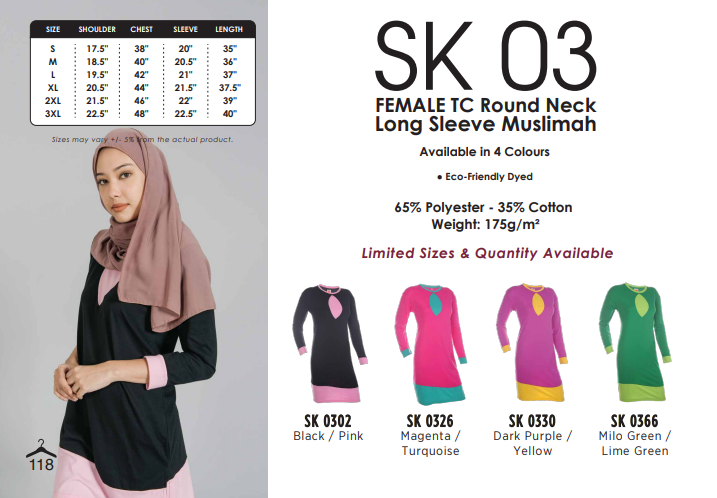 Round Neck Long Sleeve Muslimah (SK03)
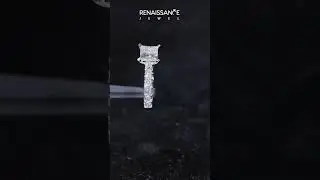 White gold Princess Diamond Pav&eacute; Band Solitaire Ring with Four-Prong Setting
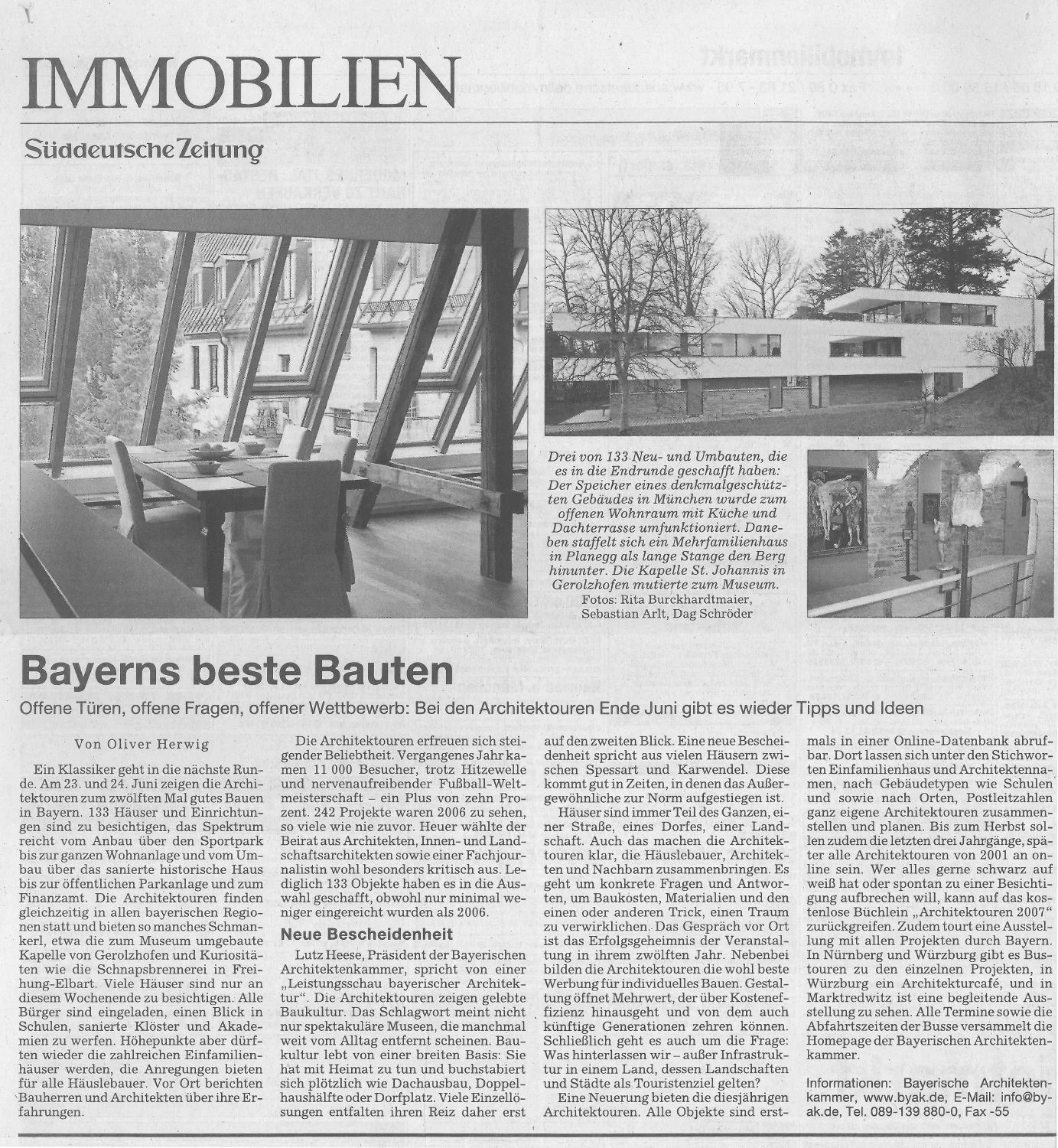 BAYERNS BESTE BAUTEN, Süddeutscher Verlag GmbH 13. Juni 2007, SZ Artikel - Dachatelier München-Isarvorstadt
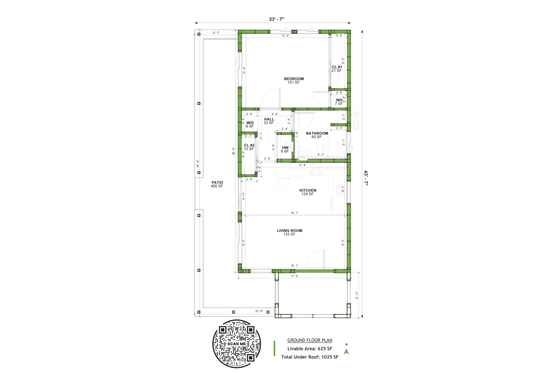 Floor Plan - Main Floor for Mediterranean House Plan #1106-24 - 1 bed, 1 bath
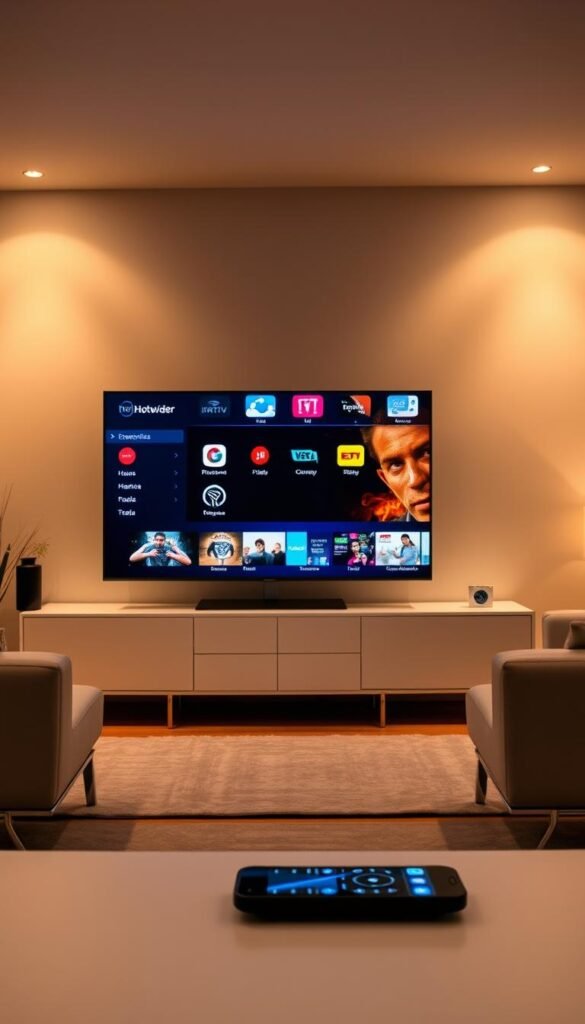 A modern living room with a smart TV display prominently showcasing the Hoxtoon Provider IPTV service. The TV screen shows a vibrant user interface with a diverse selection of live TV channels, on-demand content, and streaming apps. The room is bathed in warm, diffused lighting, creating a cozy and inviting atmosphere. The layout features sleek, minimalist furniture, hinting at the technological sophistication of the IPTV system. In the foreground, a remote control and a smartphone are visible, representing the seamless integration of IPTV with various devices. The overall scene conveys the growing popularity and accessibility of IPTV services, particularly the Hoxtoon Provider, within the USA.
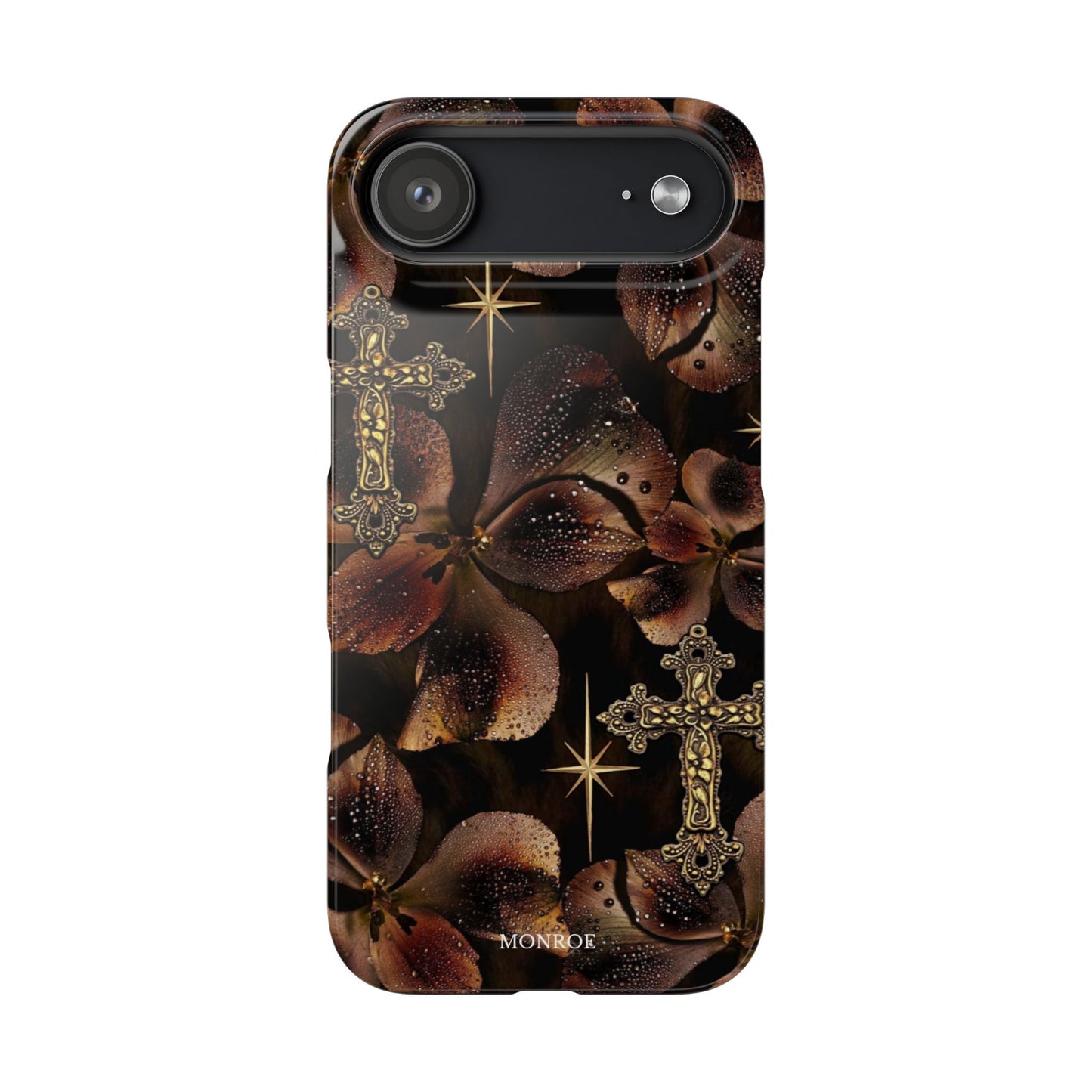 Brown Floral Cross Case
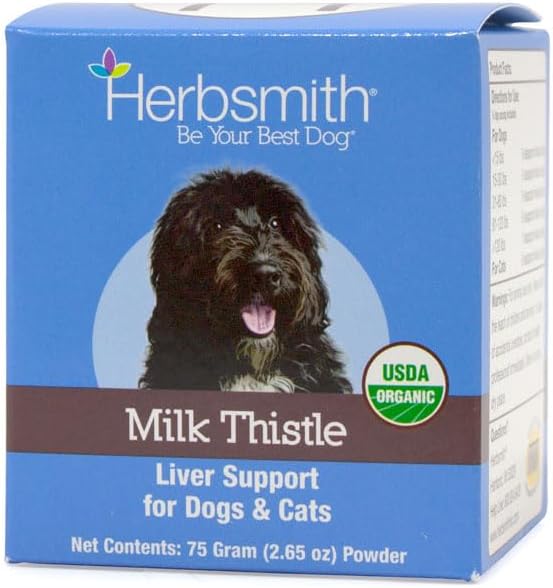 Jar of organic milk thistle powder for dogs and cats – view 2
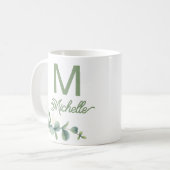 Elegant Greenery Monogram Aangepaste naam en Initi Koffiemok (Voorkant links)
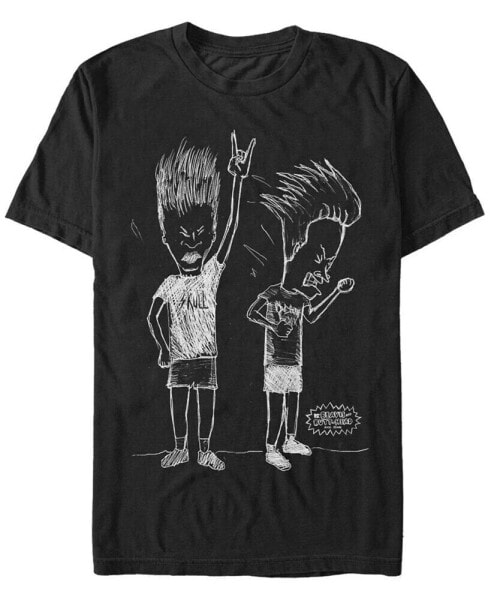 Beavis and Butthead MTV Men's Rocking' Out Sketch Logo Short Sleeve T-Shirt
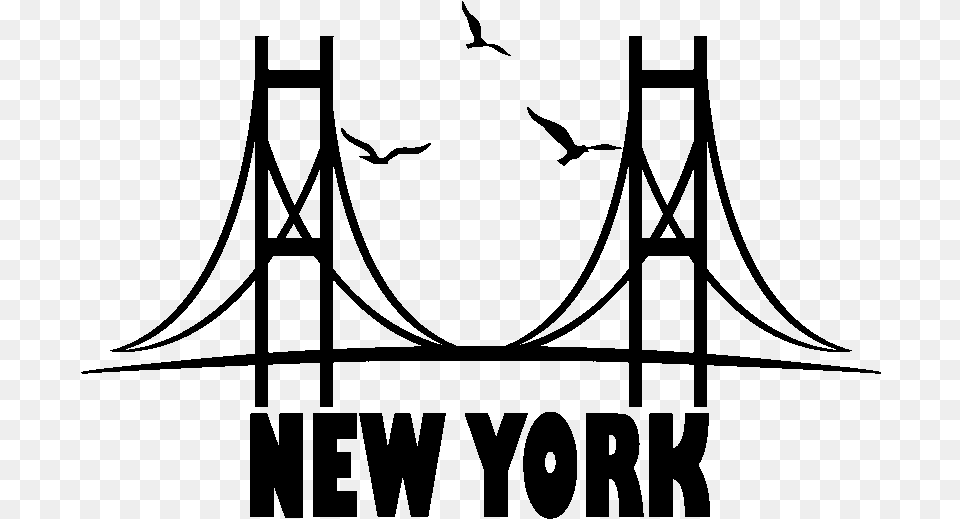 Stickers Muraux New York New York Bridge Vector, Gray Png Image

————————

# [ACTIVITY]
Omit the pictures. Transcribe every record exactly.

# [WRITTEN RESPONSE]
 Round Neck Long Sleeve Muslimah (SK03)
 White gold Princess Diamond Pav&eacute; Band Solitaire Ring with Four-Prong Setting
 BAYERNS BESTE BAUTEN, Süddeutscher Verlag GmbH 13. Juni 2007, SZ Artikel - Dachatelier München-Isarvorstadt
 Floor Plan - Main Floor for Mediterranean House Plan #1106-24 - 1 bed, 1 bath
 A modern living room with a smart TV display prominently showcasing the Hoxtoon Provider IPTV service. The TV screen shows a vibrant user interface with a diverse selection of live TV channels, on-demand content, and streaming apps. The room is bathed in warm, diffused lighting, creating a cozy and inviting atmosphere. The layout features sleek, minimalist furniture, hinting at the technological sophistication of the IPTV system. In the foreground, a remote control and a smartphone are visible, representing the seamless integration of IPTV with various devices. The overall scene conveys the growing popularity and accessibility of IPTV services, particularly the Hoxtoon Provider, within the USA.
 Brown Floral Cross Case
 Jar of organic milk thistle powder for dogs and cats – view 2
 Elegant Greenery Monogram Aangepaste naam en Initi Koffiemok (Voorkant links)
 Beavis and Butthead MTV Men's Rocking' Out Sketch Logo Short Sleeve T-Shirt
 Stickers Muraux New York New York Bridge Vector, Gray Png Image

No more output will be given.